**WHAT YOU HAVE TO DO**
Leave the images aside and copy out the whole listing, exact to the word.

**DATA SHOWN**
☆ ☆ ☆ ☆ ☆
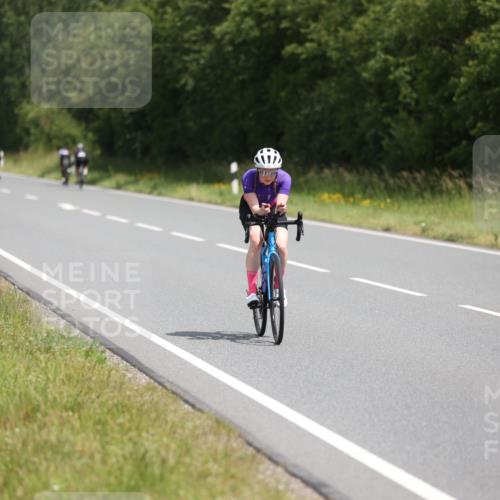 22.06.2025 - Viking Triathlon Yannick Fuchs http://msf.ph/oto/8101553 22.06.2025 12:04:49 Radfahren 9, 26, 80, 101, 170, 272, 299, 362, 385, 496, 554 meine-sportfotos.de
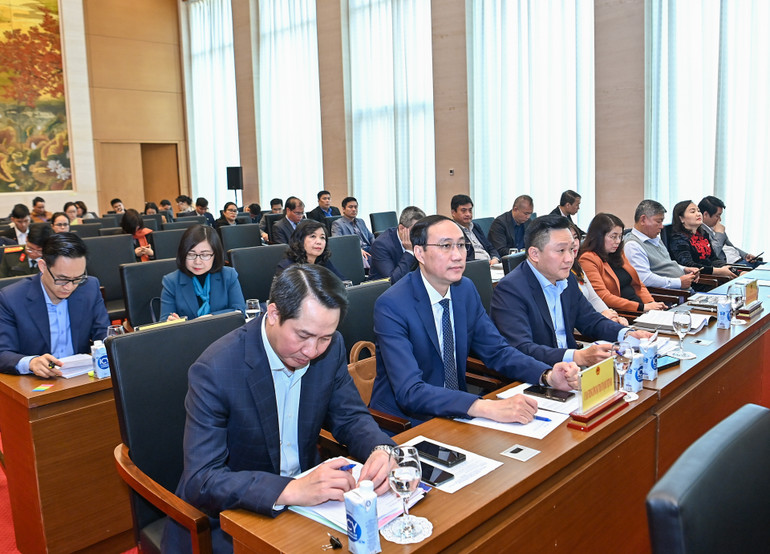 Lãnh đạo các bộ, ban, ngành và các đại biểu dự Hội nghị. Lãnh đạo các bộ, ban, ngành và các đại biểu dự Hội nghị.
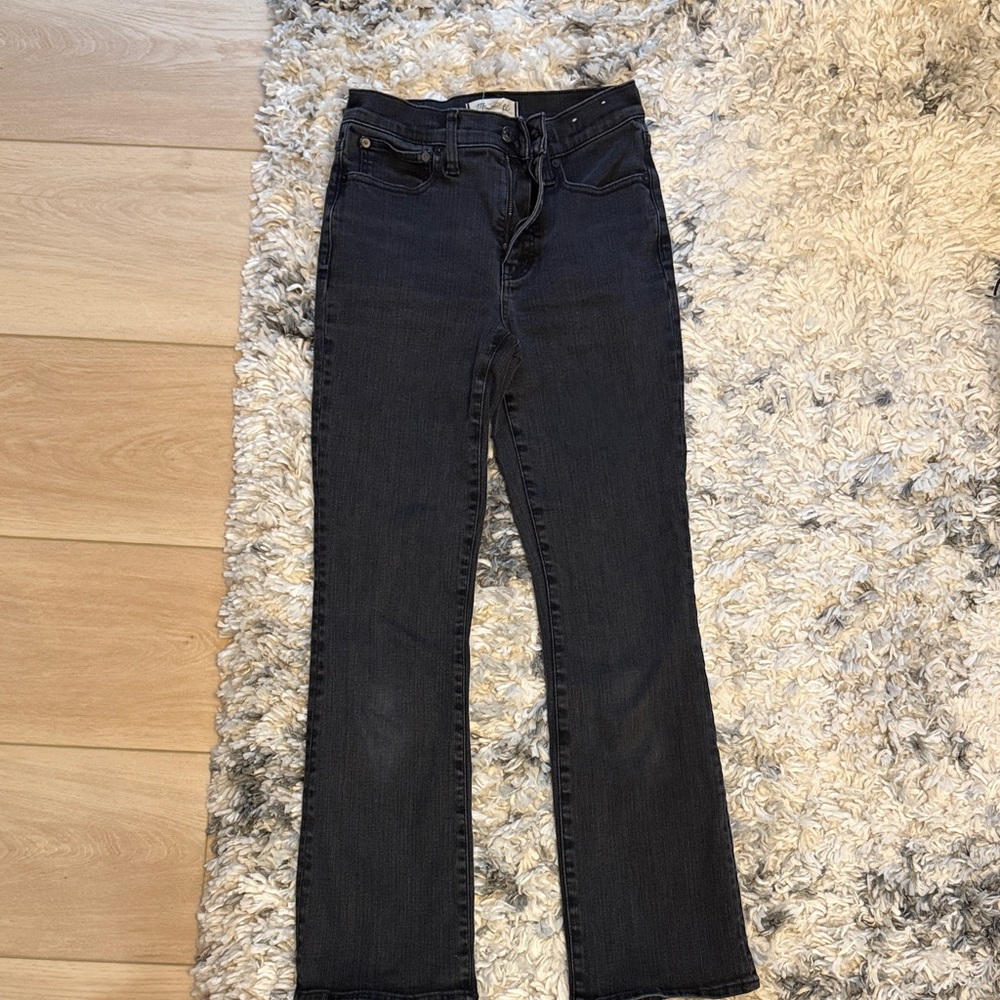 Madewell mid rise crop kick out jeans size 27 tall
☆ ☆ ☆ ☆ ☆
**TASK OUTPUT**
 22.06.2025 - Viking Triathlon Yannick Fuchs http://msf.ph/oto/8101553 22.06.2025 12:04:49 Radfahren 9, 26, 80, 101, 170, 272, 299, 362, 385, 496, 554 meine-sportfotos.de
 Lãnh đạo các bộ, ban, ngành và các đại biểu dự Hội nghị. Lãnh đạo các bộ, ban, ngành và các đại biểu dự Hội nghị.
 Madewell mid rise crop kick out jeans size 27 tall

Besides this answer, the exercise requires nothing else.